Hearts were isolated from Sprague-Dawley rats under control, IR, and IPC conditions. We generated expressed-sequence-tags (ESTs) for each group and investigated their functions and the major biological processes in which they are involved using the eukaryotic clusters of orthologous groups (KOG) database and bioinformatics analysis tools.

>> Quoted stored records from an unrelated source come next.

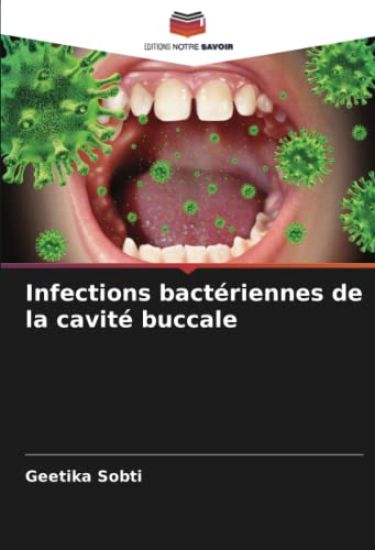 Infections bactériennes de la cavité buccale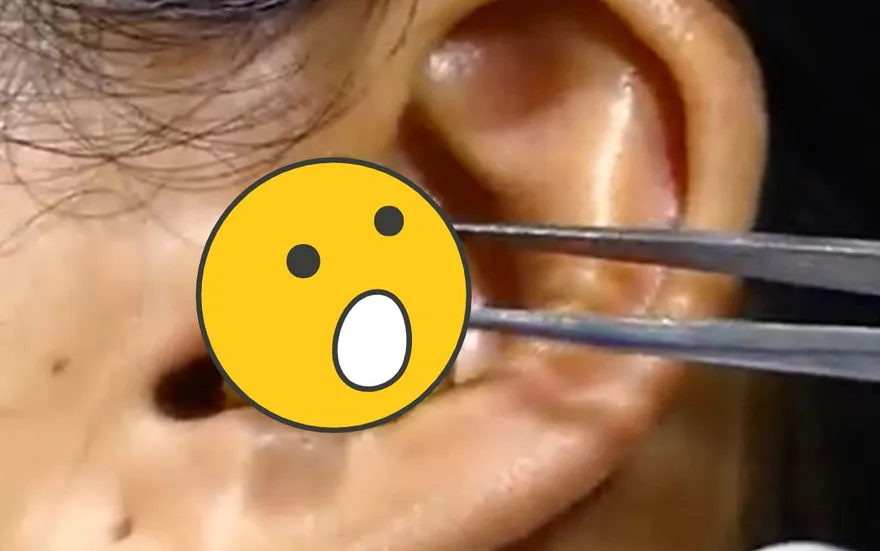 金黃巨蛇「從耳朵鑽出來」！她衝醫「碰小頭就張嘴反擊」　詭異畫面曝光…25萬人看傻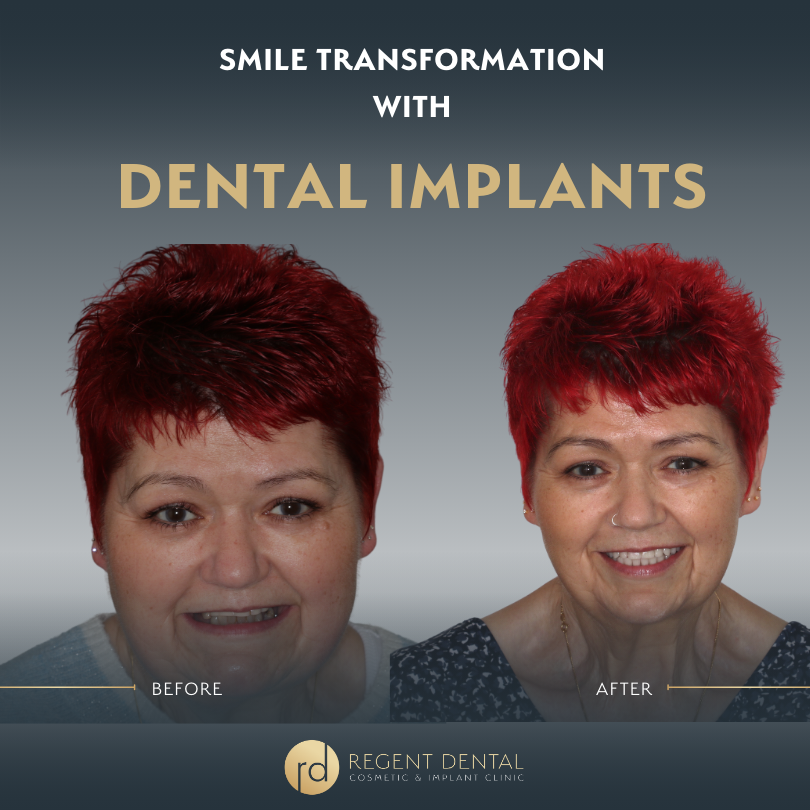 Same day smile full arch implant patient result 4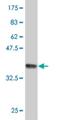 Mex-3 RNA Binding Family Member B antibody, H00084206-M05, Novus Biologicals, Western Blot image 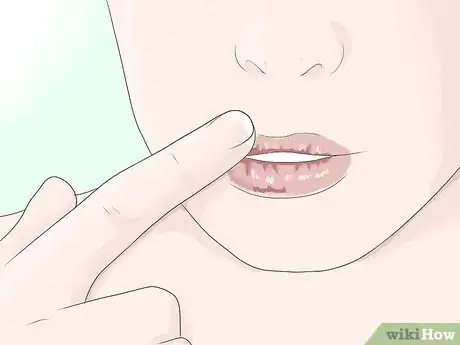 Imagen titulada Get Rid of Painful Cracked Lips Step 3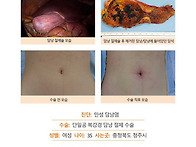 만성담낭염수술후기. 수술..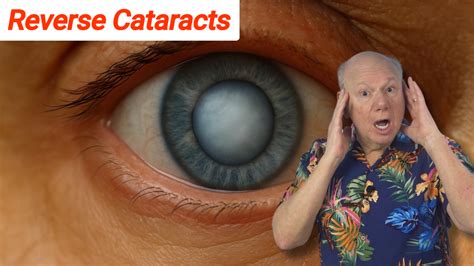 How do you reverse cataracts naturally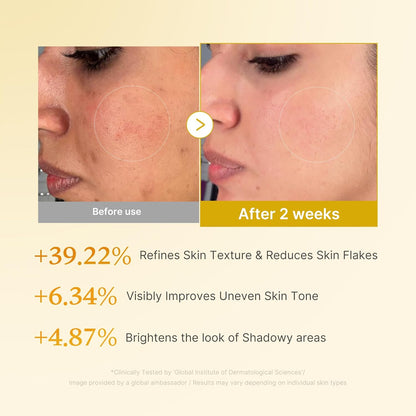Medicube Glycolic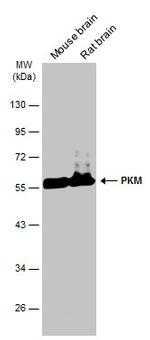 PKM Antibody in Western Blot (WB)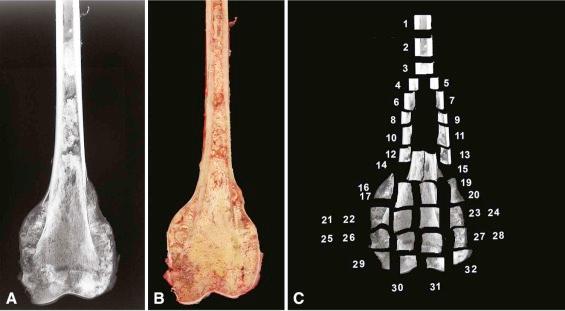 Figure 4-6, Whole-specimen radiograph ( A ) and corresponding specimen of osteosarcoma ( B ). The specimen is cut into block-sized pieces and mapped prior to decalcification of the blocks ( C ). Alternately, a specimen may be mapped whole and decalcified prior to sectioning if the decalcification is sufficiently gentle and monitored.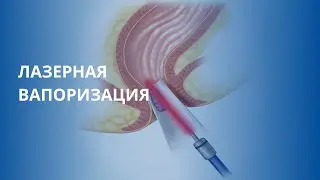 Лазерная вапоризация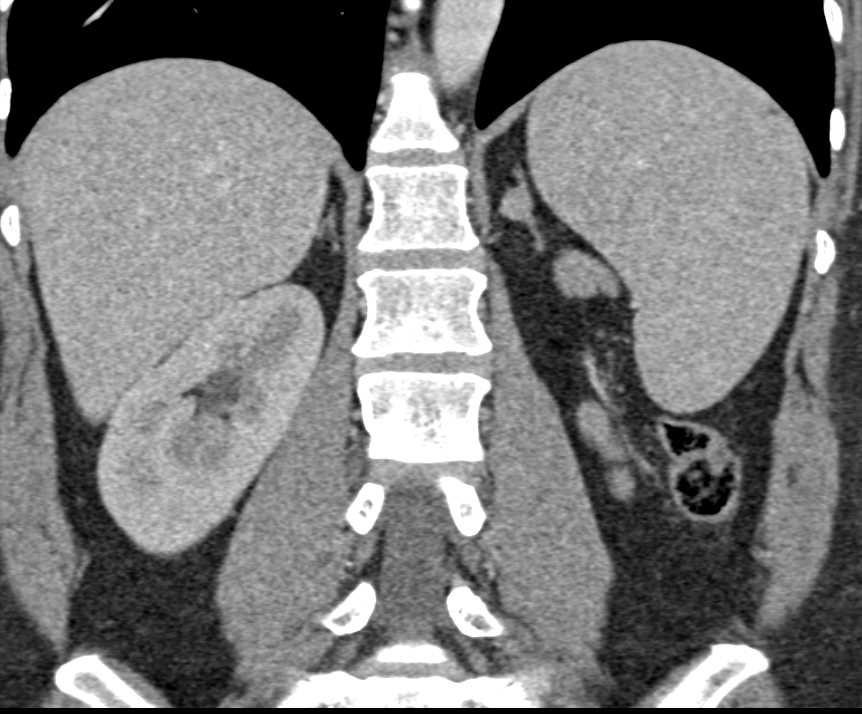 Left Adrenal Adenoma - Adrenal Case Studies - CTisus CT Scanning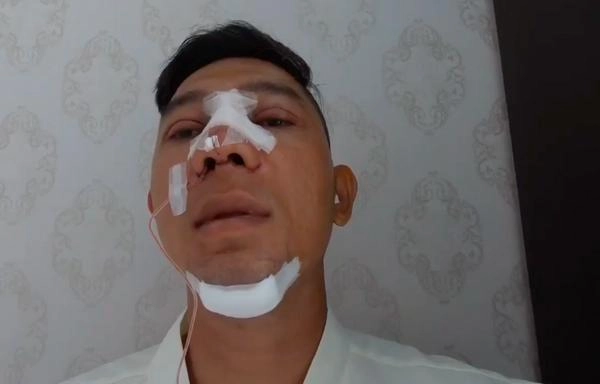 Selfie bên bạn trai với khuôn mặt băng bó chằng chịt ngân 98 cũng mới lên đời nhan sắc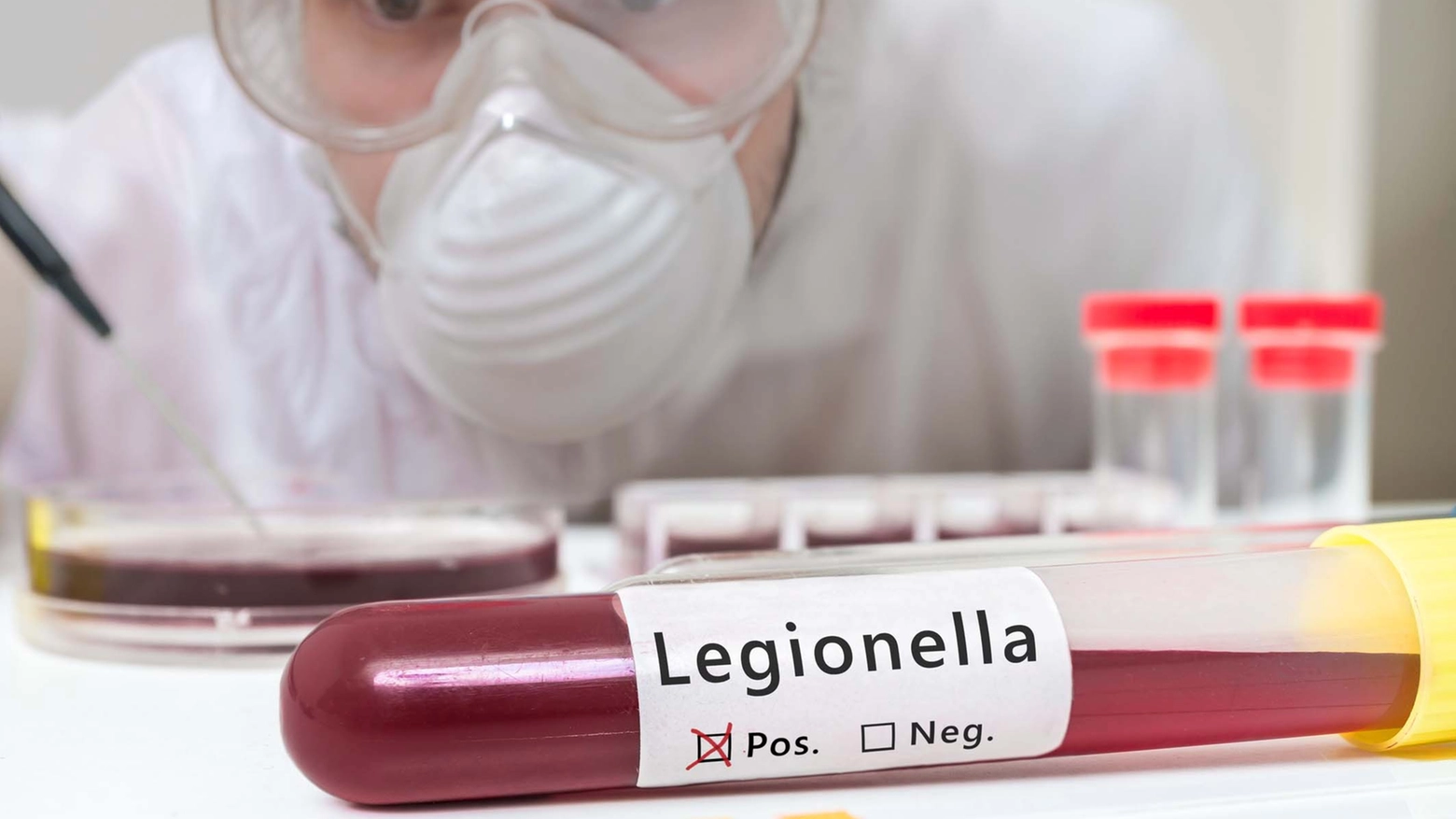 Legionella (foto repertorio)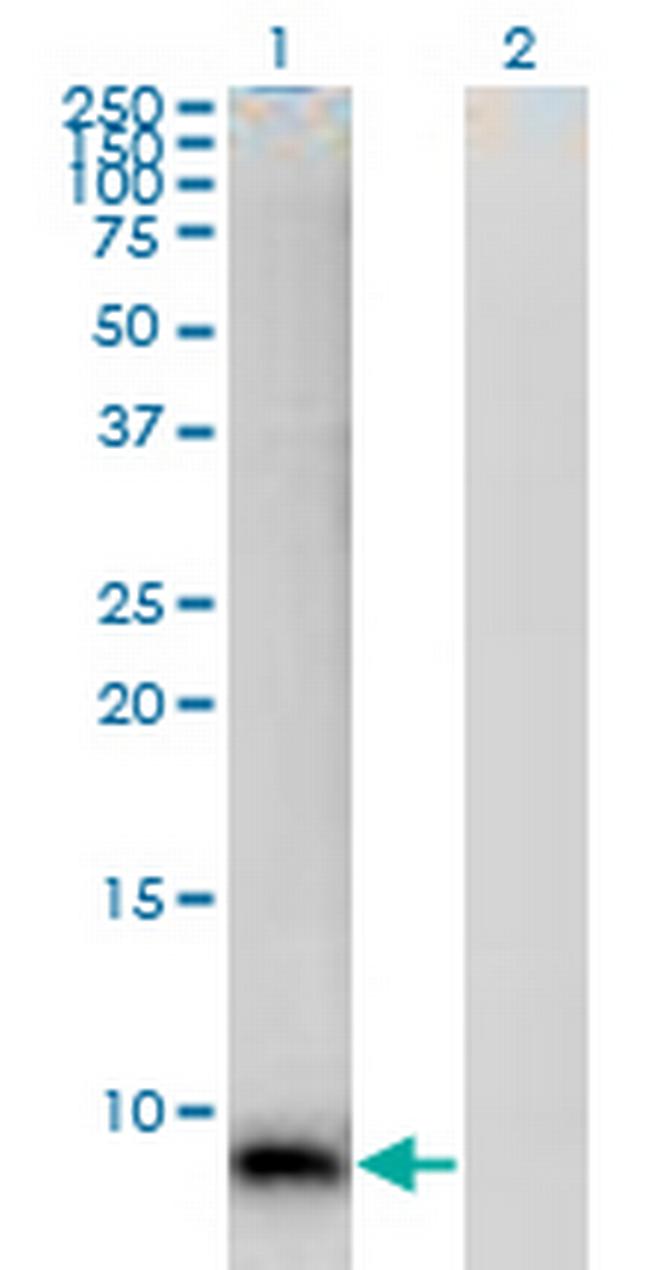 S100A12 Antibody in Western Blot (WB)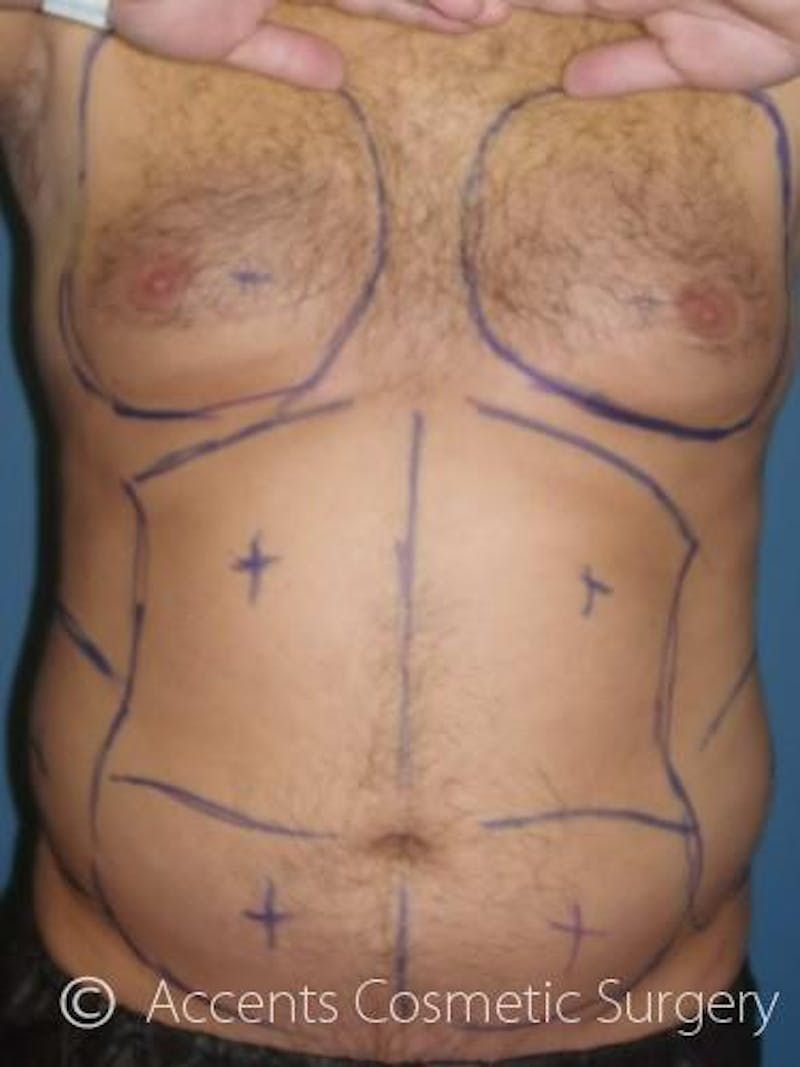 Body Jet Smartlipo Before & After Gallery - Patient 399923 - Image 3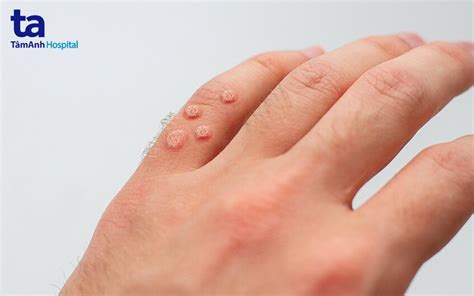 virus hpv la gi nguyen nhan dau hieu chan doan va phong ngua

IR modified the expression of 126 genes. Of these, 62 were upregulated, 64 were downregulated, and 77 were found to be effective target genes for IPC. In KOG analysis, most of the genes whose expression was modified were involved in energy production and conversion and the cytoskeleton. A gene-to-gene interaction map revealed that IR modified the expression of genes in four major functional modules: electron transport chain/oxidative phosphorylation; tricarboxylic acid cycle/glucose metabolism/amino acid metabolism; cellular structure and contraction; and gene transcription, translation, and protein folding. At the individual gene level, the genes encoding mitochondrial cytochrome c oxidase subunits 2 and 3 were downregulated, and those encoding the major cytoskeleton components tropomyosin, myosin light chain, myomesin 2, and myosin regulatory light chain 2, as well as the gene encoding the iron-storage protein ferritin, were upregulated, and thus were identified as potential target genes. Real time PCR evaluated expression patterns of three mitochondrial IPC effective genes. Two-dimensional electrophoresis proteomic analyses revealed altered expression of 14 target proteins. The expression patterns of six proteins matched the corresponding EST expression patterns.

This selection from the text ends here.